I don't use them because they are not cheap enough
Does it come with an SDK? How mature is the SDK? The value of my time, even as a hobbyist, far exceeds the savings offered by lower-cost, race-to-the-bottom chips.
As a hobbyist, i will also use the RiscV 307' boards ....
More of "everything", and approx same board price ...
/Bingo
A CPU with ETH is worthless unless there is a pretty well totally debugged TCP/IP stack, with all the low level libs, for it. ESP32 comes with this AFAIK (LWIP and the whole package) but look at the trouble STM 32F etc users have with this.
Interesting.
I think 32k of RAM is quite low for a practical networking applications, but some simple use cases might fit the bill. E.g. a simple connected sensor, or a serial monitor.
Ordered a dev board.
Looking at the data sheet, the Ethernet controller is not the Synopsis one used by CH32V307 (identical to STM32Fxx).
Some other controller is there, tersely documented.
The radio registers are documented, though the documentation also seems to be quite terse.
As I've seen for the CH series of chips that are marketed as interface chips, such as the CH565/569/579 etc, while those have a CPU core, they are not really marketed by WCH as microcontrollers in their own right, and the consequence is that the documentation and SDKs are much more opaque than with the CH32V series for instance.

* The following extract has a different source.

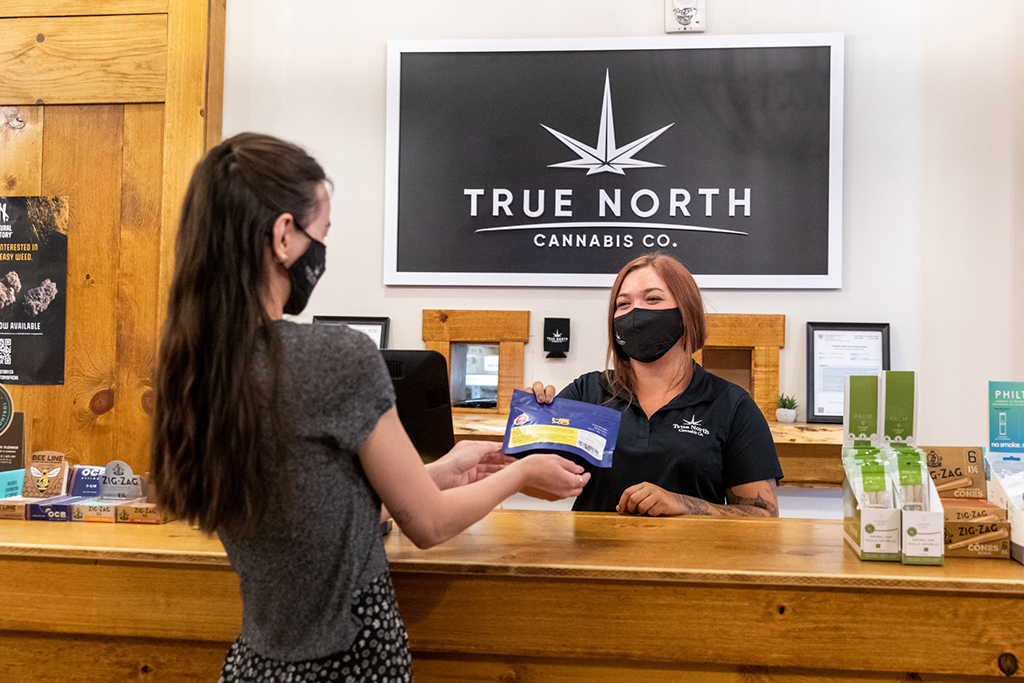 A customer supporting local businesses by shopping at True North Cannabis Co.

I mentioned the CH569 earlier, which I'm interested in, but found out that the documentation is a bit too terse as well, and that the provided SDK doesn't contain any source code for the USB side, making you rely on a binary-only library for USB (and probably other peripherals). That's a terrible bummer IMO, but I haven't had time to look at the docs enough to tell whether implementing support would be difficult, impossible or quite possible.
One can spend a good number of man-months sorting out low level code and (e.g.) LWIP integration for a new CPU. Sorting out the 32F4 code took that long and that was when we were given supposedly working code from ST! In this case, good luck... And in ETH apps, a low level problem can be hidden until the application does something new
Also LWIP pretty much needs an RTOS (there is a way around it but is complicated) and that is something else you need to port to a new CPU (not as hard as ETH though).
Also LWIP pretty much needs an RTOS (there is a way around it but is complicated) and that is something else you need to port to a new CPU (not as hard as ETH though).
My interest in those Ethernet enabled chips is exactly that: Ethernet.
We make our own networking library with built-in TCP/IP and TLS 1.3 stacks, so don't care about LWIP and its issues.
Our stack does not require RTOS: it runs perfectly fine in a bare metal superloop, and in a RTOS task.
The reason Mongoose does not require RTOS is simple: our library provides a high-level event-based API for protocols like TCP, UDP, HTTP, MQTT, etc. Therefore we don't need socket layer, we simply bypass it.
And it is exactly the socket layer that needs RTOS support, because that's the way a blocking send()/recv() can be implemented. An RTOS is required for the "waiting" functionality, and a socket layer required for data buffering.
Bypassing a socket layer saves a whole lot. RTOS independence, performance, and memory.
Most people writing internet apps use the socket API.
the official has ported freertos and lwip, as well as webserver examples on ch579m, the retail price of the chip in China is just below 5 RMB, approximately 0.7 USD
Most people writing internet apps use the socket API.
Most people writing Internet apps, do NOT use socket API. They use one of the many network libraries that provide a higher level API.